ECJ is a freeware evolutionary computation research system written in Java. It is a framework that supports a variety of evolutionary computation techniques, such as genetic algorithms, genetic programming, evolution strategies, coevolution, particle swarm optimization, and differential evolution. The framework models iterative evolutionary processes using a series of pipelines arranged to connect one or more subpopulations of individuals with selection, breeding (such as crossover, and mutation operators that produce new individuals. The framework is open source and is distributed under the Academic Free License. ECJ was created by Sean Luke, a computer science professor at George Mason University, and is maintained by Sean Luke and a variety of contributors.

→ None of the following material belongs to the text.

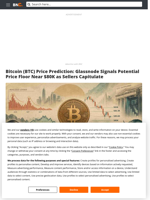 Bitcoin (BTC) Price Prediction: Glassnode Signals Potential Price Floor Near $80K as Sellers Capitulate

Features (listed from ECJ's project page):
General Features:
GUI with charting
Platform-independent checkpointing and logging
Hierarchical parameter files
Multithreading
Mersenne Twister Random Number Generators
Abstractions for implementing a variety of EC forms.
EC Features:
Asynchronous island models over TCP/IP
Master/Slave evaluation over multiple processors
Genetic Algorithms/Programming style Steady State and Generational evolution, with or without Elitism
Evolutionary-Strategies style (mu,lambda) and (mu+lambda) evolution
Very flexible breeding architecture
Many selection operators
Multiple subpopulations and species
Inter-subpopulation exchanges
Reading populations from files
Single- and Multi-population coevolution
SPEA2 multiobjective optimization
Particle Swarm Optimization
Differential Evolution
Spatially embedded evolutionary algorithms
Hooks for other multiobjective optimization methods
Packages for parsimony pressure
GP Tree Representations:
Set-based Strongly Typed Genetic Programming
Ephemeral Random Constants
Automatically Defined Functions and Automatically Defined Macros
Multiple tree forests
Six tree-creation algorithms
Extensive set of GP breeding operators
Seven pre-done GP application problem domains (ant, regression, multiplexer, lawnmower, parity, two-box, edge)
Vector (GA/ES) Representations:
Fixed-Length and Variable-Length Genomes
Arbitrary representations
Five pre-done vector application problem domains (sum, rosenbrock, sphere, step, noisy-quartic)
Other Representations:
Multiset-based genomes in the rule package, for evolving Pitt-approach rulesets or other set-based representations.